____ Records provided

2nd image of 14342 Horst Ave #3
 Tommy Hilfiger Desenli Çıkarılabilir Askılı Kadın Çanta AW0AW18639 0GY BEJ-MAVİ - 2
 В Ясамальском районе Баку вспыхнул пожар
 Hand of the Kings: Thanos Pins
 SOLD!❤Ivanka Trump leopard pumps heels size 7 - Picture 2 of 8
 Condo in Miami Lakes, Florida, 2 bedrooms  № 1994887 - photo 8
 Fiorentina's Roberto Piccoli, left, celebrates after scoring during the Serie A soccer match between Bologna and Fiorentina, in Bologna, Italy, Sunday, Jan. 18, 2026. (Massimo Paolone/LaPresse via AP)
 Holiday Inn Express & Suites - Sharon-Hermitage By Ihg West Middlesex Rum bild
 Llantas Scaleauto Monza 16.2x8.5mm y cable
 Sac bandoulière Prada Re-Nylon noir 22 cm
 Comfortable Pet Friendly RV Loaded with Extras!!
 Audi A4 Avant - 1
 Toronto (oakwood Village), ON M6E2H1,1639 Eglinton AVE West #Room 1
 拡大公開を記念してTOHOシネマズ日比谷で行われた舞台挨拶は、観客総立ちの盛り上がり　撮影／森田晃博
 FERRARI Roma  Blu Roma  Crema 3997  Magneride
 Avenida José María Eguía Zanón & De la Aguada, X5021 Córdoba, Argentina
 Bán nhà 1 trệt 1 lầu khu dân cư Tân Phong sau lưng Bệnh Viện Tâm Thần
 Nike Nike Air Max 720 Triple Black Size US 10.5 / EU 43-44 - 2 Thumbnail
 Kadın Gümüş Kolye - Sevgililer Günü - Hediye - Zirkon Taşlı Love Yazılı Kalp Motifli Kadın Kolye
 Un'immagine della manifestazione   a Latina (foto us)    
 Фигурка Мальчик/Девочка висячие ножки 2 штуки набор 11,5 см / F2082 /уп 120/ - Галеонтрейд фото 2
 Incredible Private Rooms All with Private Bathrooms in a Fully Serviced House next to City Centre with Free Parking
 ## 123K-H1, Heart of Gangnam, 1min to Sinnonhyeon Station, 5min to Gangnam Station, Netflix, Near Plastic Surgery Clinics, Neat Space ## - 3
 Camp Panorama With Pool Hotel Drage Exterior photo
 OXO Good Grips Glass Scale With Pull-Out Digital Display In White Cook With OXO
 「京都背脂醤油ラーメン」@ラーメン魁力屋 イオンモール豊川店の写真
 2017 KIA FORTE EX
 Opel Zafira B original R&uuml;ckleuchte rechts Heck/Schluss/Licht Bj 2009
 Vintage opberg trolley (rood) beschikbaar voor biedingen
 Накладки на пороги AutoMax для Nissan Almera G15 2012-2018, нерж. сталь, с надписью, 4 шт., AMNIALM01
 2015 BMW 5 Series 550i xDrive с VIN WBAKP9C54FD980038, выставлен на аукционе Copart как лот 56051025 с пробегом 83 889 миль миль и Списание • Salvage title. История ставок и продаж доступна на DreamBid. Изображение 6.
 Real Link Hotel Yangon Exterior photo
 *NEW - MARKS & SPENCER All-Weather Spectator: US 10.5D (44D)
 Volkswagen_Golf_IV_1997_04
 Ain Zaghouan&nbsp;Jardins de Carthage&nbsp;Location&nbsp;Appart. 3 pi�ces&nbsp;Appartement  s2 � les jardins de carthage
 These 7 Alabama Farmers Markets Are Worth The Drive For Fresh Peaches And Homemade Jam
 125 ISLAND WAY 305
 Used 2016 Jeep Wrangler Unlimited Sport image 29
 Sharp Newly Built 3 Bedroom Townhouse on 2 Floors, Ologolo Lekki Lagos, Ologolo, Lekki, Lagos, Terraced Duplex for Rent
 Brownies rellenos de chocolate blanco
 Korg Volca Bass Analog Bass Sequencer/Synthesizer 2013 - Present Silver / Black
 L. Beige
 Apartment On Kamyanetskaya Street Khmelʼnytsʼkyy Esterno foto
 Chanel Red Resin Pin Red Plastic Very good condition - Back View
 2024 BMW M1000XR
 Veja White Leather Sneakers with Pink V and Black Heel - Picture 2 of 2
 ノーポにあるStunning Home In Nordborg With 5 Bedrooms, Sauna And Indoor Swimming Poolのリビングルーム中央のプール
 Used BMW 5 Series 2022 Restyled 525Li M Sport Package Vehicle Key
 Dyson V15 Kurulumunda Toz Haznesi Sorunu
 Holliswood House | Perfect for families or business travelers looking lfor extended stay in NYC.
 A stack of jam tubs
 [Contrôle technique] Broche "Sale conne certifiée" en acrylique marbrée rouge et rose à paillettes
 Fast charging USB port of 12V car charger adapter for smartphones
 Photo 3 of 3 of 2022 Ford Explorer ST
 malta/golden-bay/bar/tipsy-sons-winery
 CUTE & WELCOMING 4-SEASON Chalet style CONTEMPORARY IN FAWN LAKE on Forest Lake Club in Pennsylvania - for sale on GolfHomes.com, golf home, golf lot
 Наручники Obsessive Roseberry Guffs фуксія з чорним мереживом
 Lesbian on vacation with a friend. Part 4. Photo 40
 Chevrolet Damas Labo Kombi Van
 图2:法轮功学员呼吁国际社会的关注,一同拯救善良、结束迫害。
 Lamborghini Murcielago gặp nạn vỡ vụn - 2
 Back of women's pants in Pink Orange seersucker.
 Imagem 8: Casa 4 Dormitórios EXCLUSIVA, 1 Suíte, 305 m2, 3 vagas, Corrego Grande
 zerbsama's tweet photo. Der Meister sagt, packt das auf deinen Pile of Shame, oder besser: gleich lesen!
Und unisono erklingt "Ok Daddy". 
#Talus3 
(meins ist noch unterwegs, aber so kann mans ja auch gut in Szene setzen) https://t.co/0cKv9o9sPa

________

Assignment:
Give back the whole listing above. Keep every character the same.

Exercise solution:
2nd image of 14342 Horst Ave #3
 Tommy Hilfiger Desenli Çıkarılabilir Askılı Kadın Çanta AW0AW18639 0GY BEJ-MAVİ - 2
 В Ясамальском районе Баку вспыхнул пожар
 Hand of the Kings: Thanos Pins
 SOLD!❤Ivanka Trump leopard pumps heels size 7 - Picture 2 of 8
 Condo in Miami Lakes, Florida, 2 bedrooms  № 1994887 - photo 8
 Fiorentina's Roberto Piccoli, left, celebrates after scoring during the Serie A soccer match between Bologna and Fiorentina, in Bologna, Italy, Sunday, Jan. 18, 2026. (Massimo Paolone/LaPresse via AP)
 Holiday Inn Express & Suites - Sharon-Hermitage By Ihg West Middlesex Rum bild
 Llantas Scaleauto Monza 16.2x8.5mm y cable
 Sac bandoulière Prada Re-Nylon noir 22 cm
 Comfortable Pet Friendly RV Loaded with Extras!!
 Audi A4 Avant - 1
 Toronto (oakwood Village), ON M6E2H1,1639 Eglinton AVE West #Room 1
 拡大公開を記念してTOHOシネマズ日比谷で行われた舞台挨拶は、観客総立ちの盛り上がり　撮影／森田晃博
 FERRARI Roma  Blu Roma  Crema 3997  Magneride
 Avenida José María Eguía Zanón & De la Aguada, X5021 Córdoba, Argentina
 Bán nhà 1 trệt 1 lầu khu dân cư Tân Phong sau lưng Bệnh Viện Tâm Thần
 Nike Nike Air Max 720 Triple Black Size US 10.5 / EU 43-44 - 2 Thumbnail
 Kadın Gümüş Kolye - Sevgililer Günü - Hediye - Zirkon Taşlı Love Yazılı Kalp Motifli Kadın Kolye
 Un'immagine della manifestazione   a Latina (foto us)    
 Фигурка Мальчик/Девочка висячие ножки 2 штуки набор 11,5 см / F2082 /уп 120/ - Галеонтрейд фото 2
 Incredible Private Rooms All with Private Bathrooms in a Fully Serviced House next to City Centre with Free Parking
 ## 123K-H1, Heart of Gangnam, 1min to Sinnonhyeon Station, 5min to Gangnam Station, Netflix, Near Plastic Surgery Clinics, Neat Space ## - 3
 Camp Panorama With Pool Hotel Drage Exterior photo
 OXO Good Grips Glass Scale With Pull-Out Digital Display In White Cook With OXO
 「京都背脂醤油ラーメン」@ラーメン魁力屋 イオンモール豊川店の写真
 2017 KIA FORTE EX
 Opel Zafira B original R&uuml;ckleuchte rechts Heck/Schluss/Licht Bj 2009
 Vintage opberg trolley (rood) beschikbaar voor biedingen
 Накладки на пороги AutoMax для Nissan Almera G15 2012-2018, нерж. сталь, с надписью, 4 шт., AMNIALM01
 2015 BMW 5 Series 550i xDrive с VIN WBAKP9C54FD980038, выставлен на аукционе Copart как лот 56051025 с пробегом 83 889 миль миль и Списание • Salvage title. История ставок и продаж доступна на DreamBid. Изображение 6.
 Real Link Hotel Yangon Exterior photo
 *NEW - MARKS & SPENCER All-Weather Spectator: US 10.5D (44D)
 Volkswagen_Golf_IV_1997_04
 Ain Zaghouan&nbsp;Jardins de Carthage&nbsp;Location&nbsp;Appart. 3 pi�ces&nbsp;Appartement  s2 � les jardins de carthage
 These 7 Alabama Farmers Markets Are Worth The Drive For Fresh Peaches And Homemade Jam
 125 ISLAND WAY 305
 Used 2016 Jeep Wrangler Unlimited Sport image 29
 Sharp Newly Built 3 Bedroom Townhouse on 2 Floors, Ologolo Lekki Lagos, Ologolo, Lekki, Lagos, Terraced Duplex for Rent
 Brownies rellenos de chocolate blanco
 Korg Volca Bass Analog Bass Sequencer/Synthesizer 2013 - Present Silver / Black
 L. Beige
 Apartment On Kamyanetskaya Street Khmelʼnytsʼkyy Esterno foto
 Chanel Red Resin Pin Red Plastic Very good condition - Back View
 2024 BMW M1000XR
 Veja White Leather Sneakers with Pink V and Black Heel - Picture 2 of 2
 ノーポにあるStunning Home In Nordborg With 5 Bedrooms, Sauna And Indoor Swimming Poolのリビングルーム中央のプール
 Used BMW 5 Series 2022 Restyled 525Li M Sport Package Vehicle Key
 Dyson V15 Kurulumunda Toz Haznesi Sorunu
 Holliswood House | Perfect for families or business travelers looking lfor extended stay in NYC.
 A stack of jam tubs
 [Contrôle technique] Broche "Sale conne certifiée" en acrylique marbrée rouge et rose à paillettes
 Fast charging USB port of 12V car charger adapter for smartphones
 Photo 3 of 3 of 2022 Ford Explorer ST
 malta/golden-bay/bar/tipsy-sons-winery
 CUTE & WELCOMING 4-SEASON Chalet style CONTEMPORARY IN FAWN LAKE on Forest Lake Club in Pennsylvania - for sale on GolfHomes.com, golf home, golf lot
 Наручники Obsessive Roseberry Guffs фуксія з чорним мереживом
 Lesbian on vacation with a friend. Part 4. Photo 40
 Chevrolet Damas Labo Kombi Van
 图2:法轮功学员呼吁国际社会的关注,一同拯救善良、结束迫害。
 Lamborghini Murcielago gặp nạn vỡ vụn - 2
 Back of women's pants in Pink Orange seersucker.
 Imagem 8: Casa 4 Dormitórios EXCLUSIVA, 1 Suíte, 305 m2, 3 vagas, Corrego Grande
 zerbsama's tweet photo. Der Meister sagt, packt das auf deinen Pile of Shame, oder besser: gleich lesen!
Und unisono erklingt "Ok Daddy". 
#Talus3 
(meins ist noch unterwegs, aber so kann mans ja auch gut in Szene setzen) https://t.co/0cKv9o9sPa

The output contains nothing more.